# Suggestions for getting a dog from boat to dinghy (and back again!)



## PaulinVictoria (Aug 23, 2009)

So it's rather looking like we are about to be furparents again, we've decided to get a puppy. Did we pick something suitable for a 24' sailboat? Well, ummm, no would be the quick answer. We're getting an Alaskan husky, which is likely to grow up to be rather large.
Any good suggestions on getting a large dog on and off a boat that doesn't have a nice walk-through transom, or a big comfy swim grid, or even fixed steps? I think for the first month or so I can probably just lift it, but they grow up quick.

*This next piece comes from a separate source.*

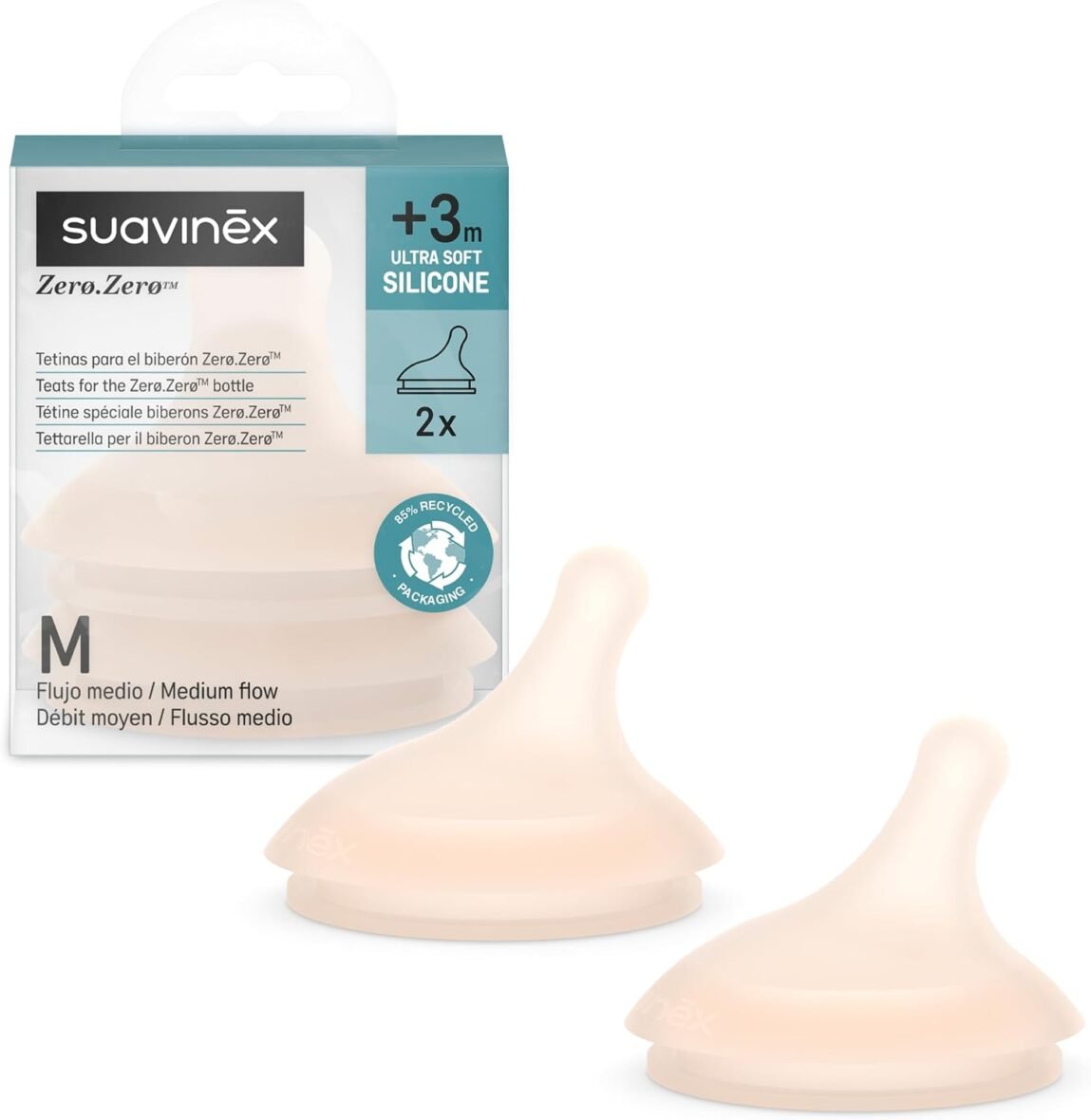 Tétine en silicone zero zero – Suavinex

Intention is to have the pup quite used to being on a boat.
I guess the best suggestion is to not get the dog (not an option), or to trade up to a bigger boat with walk-through transom, nice ladder or a swim-grid (also not an option unless someone wants to donate it to me).
Oh and it's a slatted floor inflatable dinghy too, just to make things more awkward


----------



## Frogwatch (Jan 22, 2011)

Step 1: Make sure there's no alligators nearby.
Step 2: Remember whether or not dog is afraid of dolphins.

Been there done that


----------



## PorFin (Sep 10, 2007)

Congrats on the new bundle of fur, Paul!

What's your freeboard? If it's not too high, the dog may be able to manage it on its own. Our Cocker managed to evade supervision a few times and took the 5' leap from caprail to dinghy -- we were astounded (and worried) the first time, annoyed after that. We keep her in a doggie PFD equipped with a lifting handle mid back that made it a snap for us to move her up and down, but then again a Husky isn't gonna be as easy as a 25 lb spaniel.

A block and tackle set-up from your boom or davits (if equipped) may be worth a thought or two.


----------



## PaulinVictoria (Aug 23, 2009)

> Step 1: Make sure there's no alligators nearby.
> Step 2: Remember whether or not dog is afraid of dolphins.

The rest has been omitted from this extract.